Eprimary Management, Switch Failures | IBM SG24-5131-00 guide

9.4.2 Eprimary Management

The SP switch has an internal primary backup concept, where the primary node, known as the Eprimary, is backed up automatically by a backup node. So, in case any serious failure happens on the primary, it will resign from work, and the backup node will take over the switch network handling, keeping track of routes, working on events, and so on.

HACMP/ES used to have an Eprimary management function with versions below 4.3; so, if you upgrade to Version 4.3 and also upgrade your switch to the SP switch, and you had configured Eprimary management previously within the HACMP definitions, you have to unmanage it.

To check whether the Eprimary is set to be managed, issue the following command:

odmget -q’name=EPRIMARY’ HACMPsp2

If the switch is set to MANAGE, before changing to the new switch, run the script:

/usr/es/sbin/cluster/events/utils/cl_HPS_Eprimary unmanage

As the SP switch has its availability concept built-in, there is no need to do it outside the PSSP software, so, HACMP doesn’t have to take care of it any more.

9.4.3 Switch Failures

As mentioned before, a node in the SP is still restricted to have a maximum of one switch adapter installed. Therefore, even with the software being able to assign a new primary node within the SP and outside of HACMP, the switch adapter is still a single point of failure.

If the switch adapter in a node resigns from work due to a software or hardware problem, the switch network is down for that node.
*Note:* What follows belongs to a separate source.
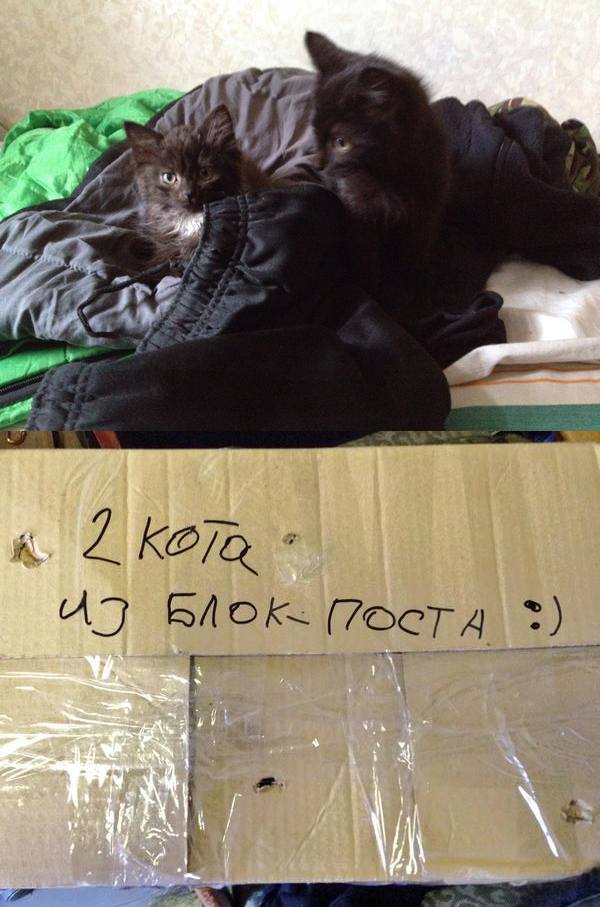 До Міжнародного дня котів: Як мурчики рятують Україну - фото 8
If any application running on that node relies on the switch network, this means that the application has virtually died on that node. Therefore, it might be advisable to promote the switch network failure into a node failure, as described in 2.6.2.1, “Single Point-of-Failure Hardware Component Recovery” on page 46. HACMP would be able to recognize the network failure when you configure the switch network as an HACMP network, and thus would react with a network_down event, which in turn would shut down the node from HACMP, causing a takeover.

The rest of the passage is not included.